In Farmington, buildings don’t teach, teachers do
To Central Conneccticut Educators:
I wanted to reveal how one governor candidate, I, decided on a vote what may have been tangentially important to you: the Farmington High School rebuild.
[Last June, Farmington voters rejected a $135 million renovation to their high school by a margin of nearly two to one: 2,411 in favor to 5,029 opposed. — Ed]
At an estimated $138 million for a building, it was a mis-prioritization. I believe strongly in education — I’ve worked with private and public schools for almost 20 years — but look what $138 million alternately buys for our students:
- Thirty science teachers (five per grade at Robbins Middle School and Farmington High School), plus support staff for them…for 30 years!
- For our above-average teachers teachers district-wide: a nearly $100,000 bonus.
- For our above-average support staff district wide: a nearly $70,000 bonus.
- For every fourth, seventh, and 10th grader: a high-end laptop, design computer, robotics kit, and maker-space producer… in perpetuity.
Buildings don’t teach. Good teachers do. To spend on an inanimate building is to slight the very good teachers we have.
Buildings don’t guide students. To wholly renovate spaces that need just a tweak, or need no renovation at all, is to pull money away from students who could use more support and more counseling, especially college and post grad non-college counseling.
Buildings don’t speak. But students do. My tutoring firm attracts 10 – 20 Farmington High students each summer for SAT Prep. This summer I asked three rising seniors and four recent alums whether they felt FHS needed the proposed renovations. None of them said “yes.”
I am a governor candidate very much in favor of better education. I would support in my town more money that truly enhances our students’ experiences. I’d like to see my home town school pay our teachers more. I’d like to see my home town attract great new teachers every year. A $138 million bond would stifle that.

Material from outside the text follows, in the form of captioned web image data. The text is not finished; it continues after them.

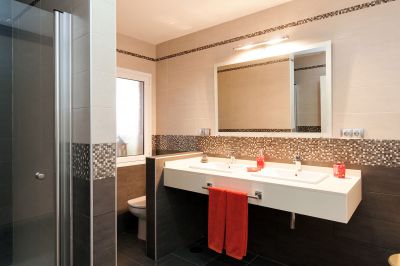 G-099 Moderne Villa Gran Canaria Bad mit modernem Waschtisch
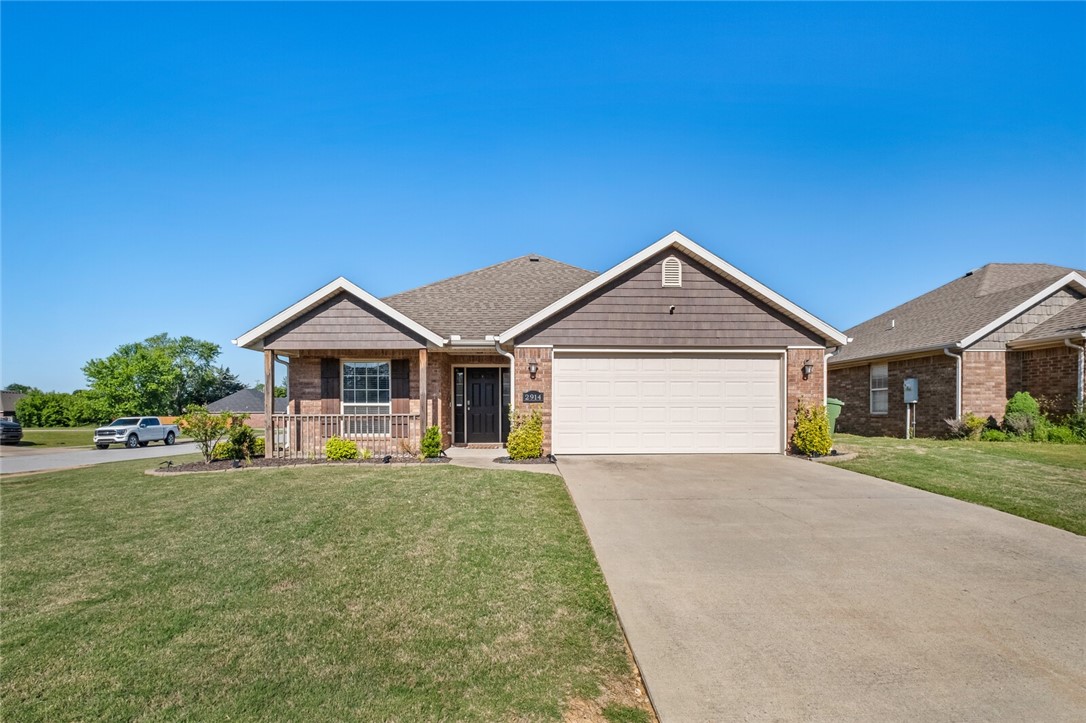 Charming 3-Bed, 2-Bath Home in prime Rogers Location! Don’t miss this beautifully maintained home just minutes to downtown Rogers, top-rated schools, shopping, trails, Uptown Rogers Entertainment District, and the new Walmart campus. Nestled in a highly sought-after neighborhood, this move-in-ready gem features designer details throughout—including arched doorways, arched kitchen accent window, French doors leading to outdoor patio, and a cozy gas fireplace! Enjoy a very spacious, level corner lot that’s perfect for outdoor entertaining. Lovely front porch with railing. Homes like this go fast—schedule your showing today!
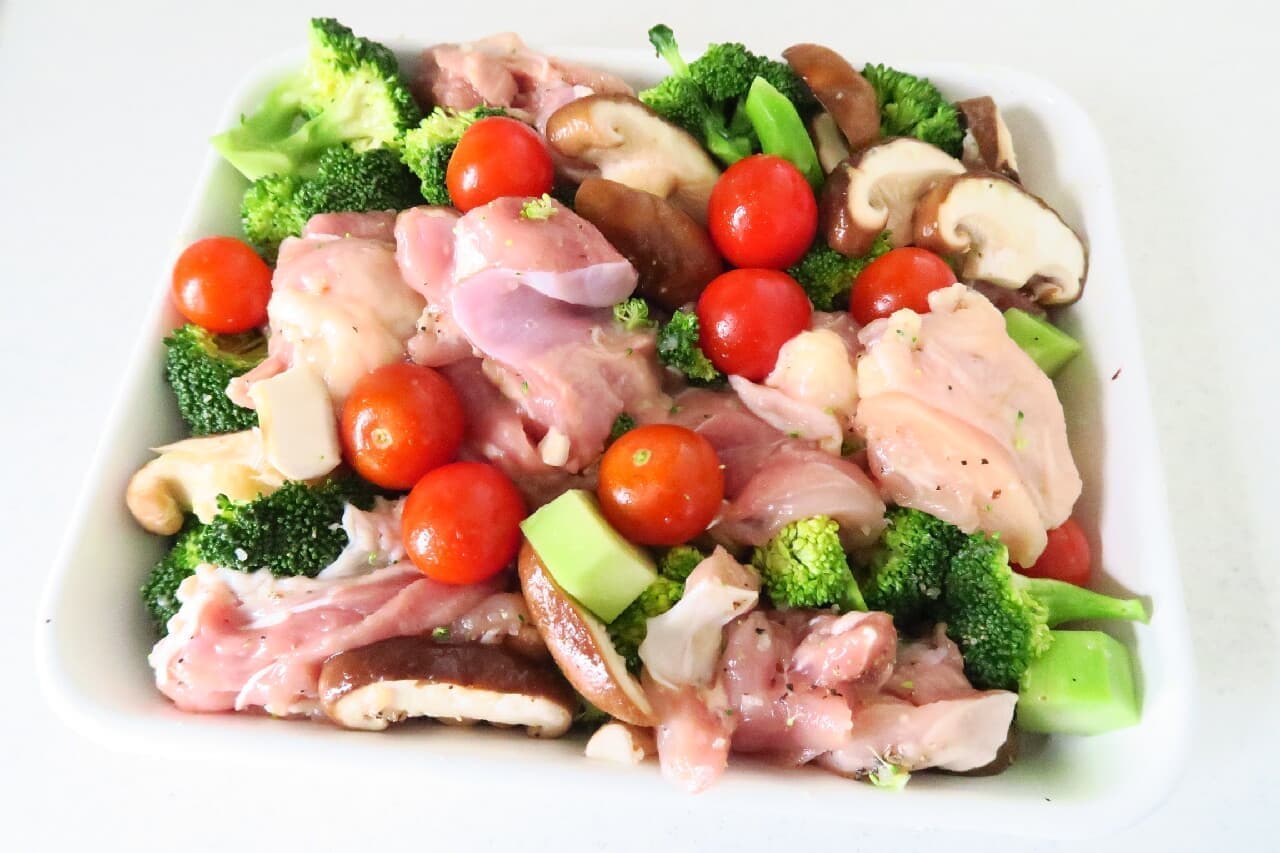 野菜＆チキンのぎゅうぎゅう焼きレシピ -- 野田琺瑯バット使用！オーブンから食卓にそのまま出せる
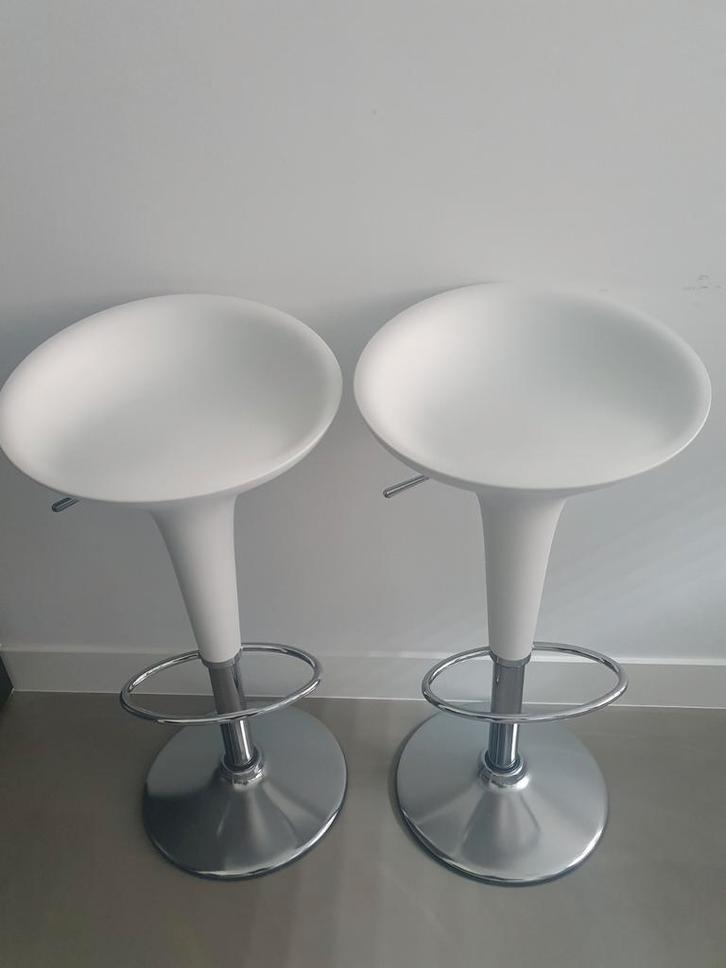 6 BOMBO design barkrukken van MAGIS (wit), Huis en Inrichting, Barkrukken, Zo goed als nieuw, 60 tot 90 cm, Kunststof, Metaal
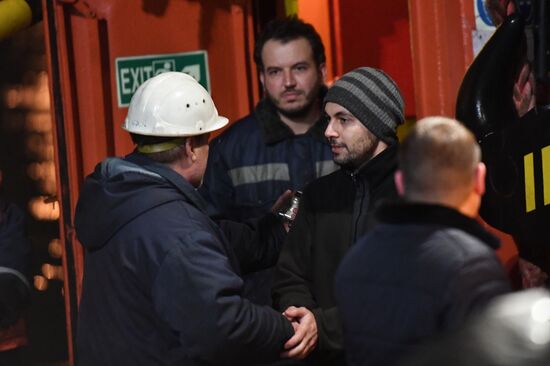 Пострадавшие моряки с горящих танкеров доставлены в Керчь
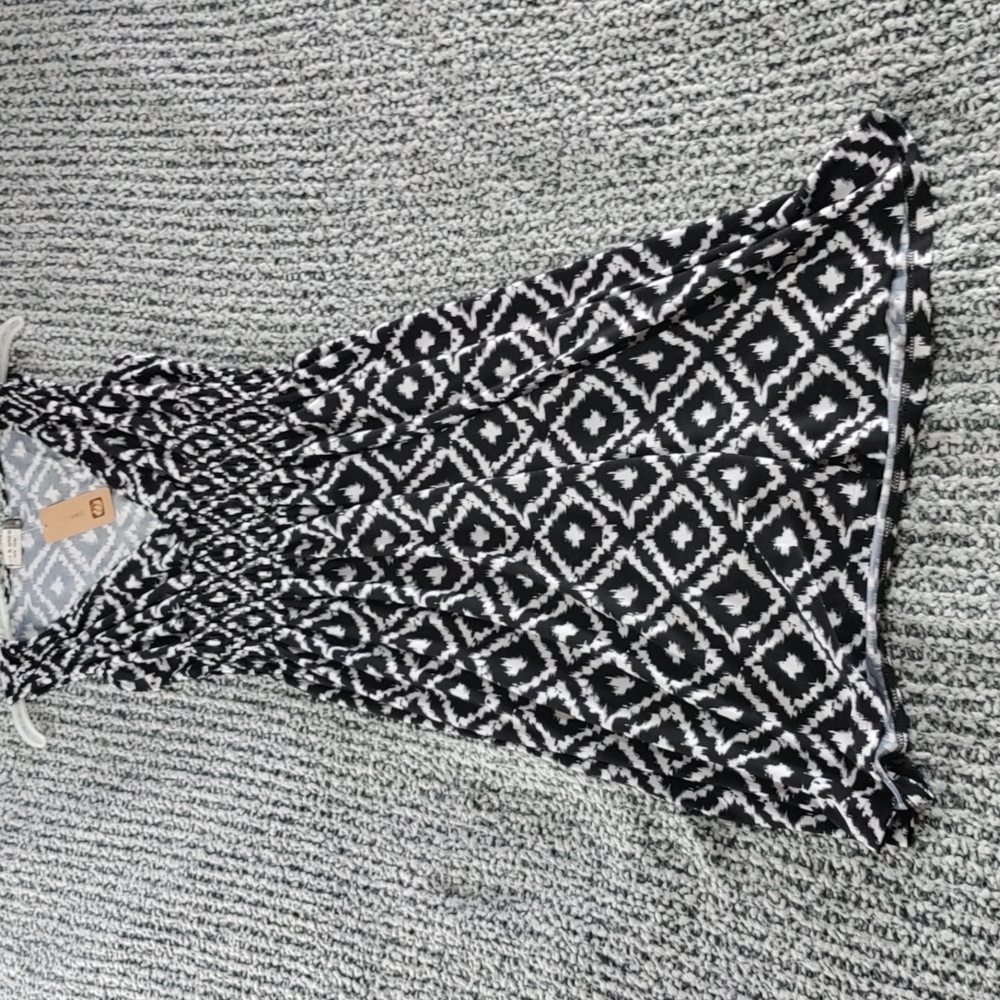 Cute Black and White Dress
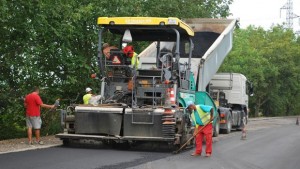 Асфалтират пътя Преселенци Сърнено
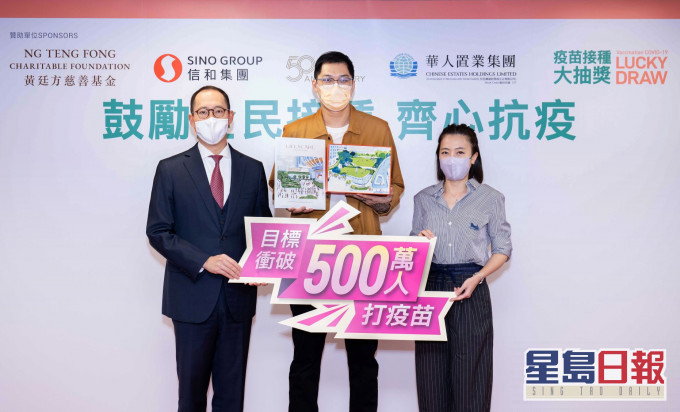 終極大獎得獎者35歲廚師李先生(中)表示,抽中凱滙單位將會選擇自住。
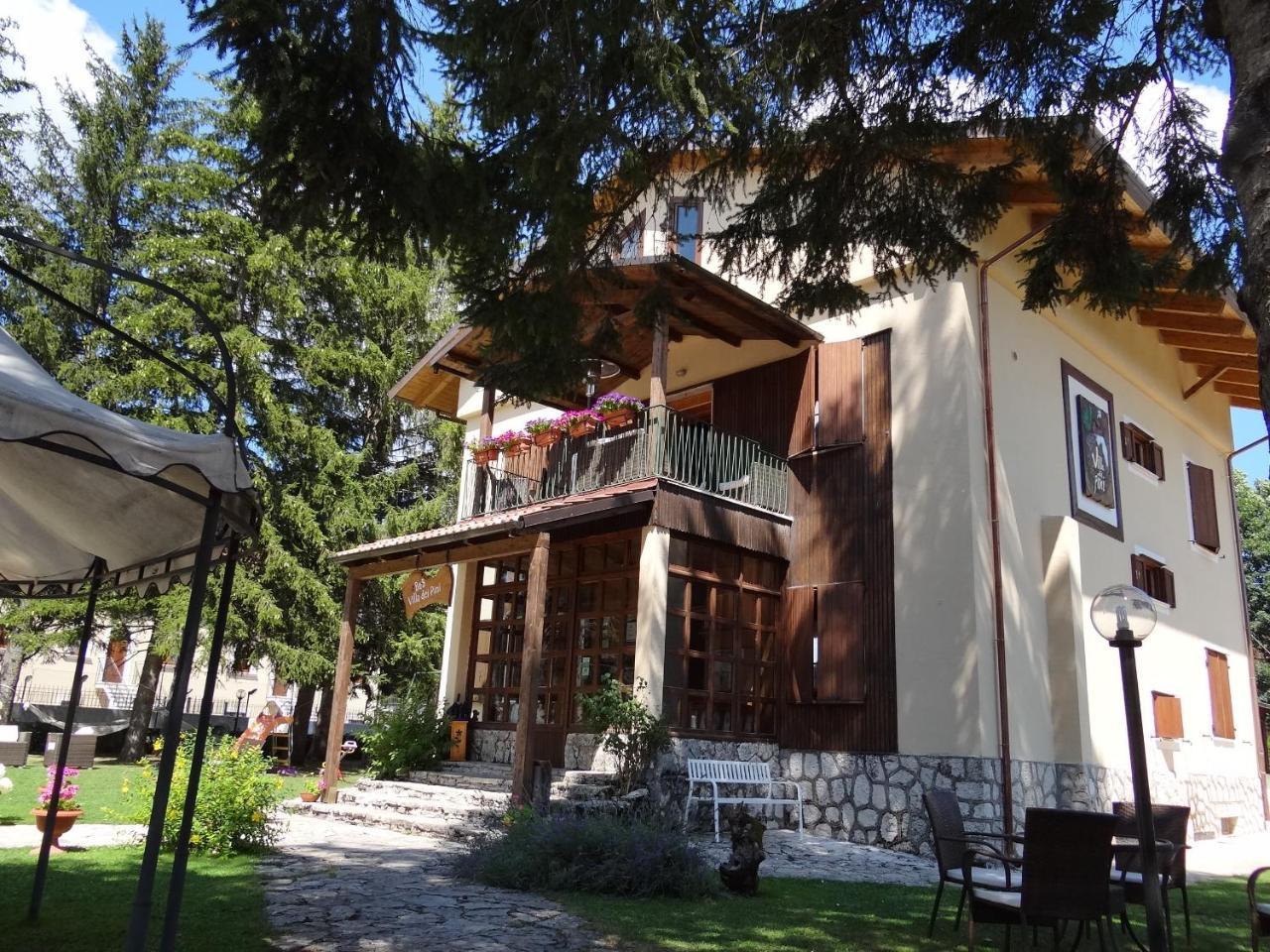 Villa Dei Pini 佩斯卡塞罗利 外观 照片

A good teacher is worth more than a good lawyer. (I’m a former lawyer with a decent perspective here.) A good guidance counselor may be worth more than a good engineer (I’ve seen how excellent guidance propels students to greatness, and how bad or absent guidance lets kids languish.)
I urge town leaders to keep “improving education” on their priority list. But it’s best to channel the efforts to improve students capabilities, improve teachers’ work, and improve staffers’ daily ability to facilitate both students and teachers.
Mark Stewart lives in Farmington and is running for governor as a Democrat.